Ind. Code § 31-16-6-6(a)(3) (emphases added).
[12] Mother asserts in her brief that subsection (a)(3) permitted the trial court to modify Fathers child support obligation because J.T.: (1) “IS at least eighteen (18) years of age”; (2) “IS attending a post-secondary educational institution”; and (3) “is NOT capable of supporting himself through employment due to attending school full time.” Appellees Br. at 9–10. Mother misapprehends the statute.

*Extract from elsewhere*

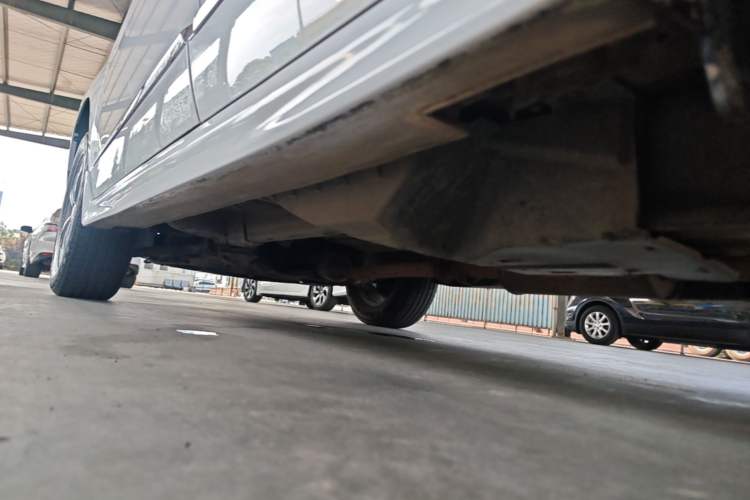 Used Haval H6 2016 Upgraded Model 1.5T Manual Two-Wheel Drive Value Edition Left Side Sill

[13] Simply said, Mothers argument to continue child support, and the trial courts order reducing rather than terminating child support, ignore the first sentence of Indiana Code section 31-16-6-6(a). Subsection (a)(3) is applicable only for determining whether a child should be deemed emancipated or partially emancipated prior to turning age nineteen. Under Indiana Code section 31-16-6-6(a), Fathers child support (and not his duty to support his J.T.’s secondary education expenses) ended on the childs nineteenth birthday, September 12, 2020. Accordingly, we do not disturb the portion of the trial courts order requiring Father to support J.T.’s educational needs.
Conclusion
[14] For all of these reasons, we affirm the trial courts determination as to post-secondary educational expenses. However, we reverse the courts denial of Fathers petition to terminate child support and remand with instructions for the trial court to enter an order terminating Fathers child support effective September 12, 2020, and recalculating any arrearage.
[15] Affirmed in part, reversed in part, and remanded with instructions.
FOOTNOTES
1
. The courts order references “I.C. 21-16-6-6,” which does not exist in the Indiana Code. We assume that this is a scriveners error and that the court meant to reference Indiana Code section 31-16-6-6.
2
. The arrearage appears to be based on child support amounts purportedly owed between August 26, 2020, and December 8, 2020. We note for emphasis that J.T. turned nineteen years old on September 12, 2020. We also note Mothers contention that Father “stopped making child support payments as of October 15, 2020, per his testimony.” Appellees Br. at 8.
Mathias, Judge.
Tavitas, J., and Weissmann, J., concur.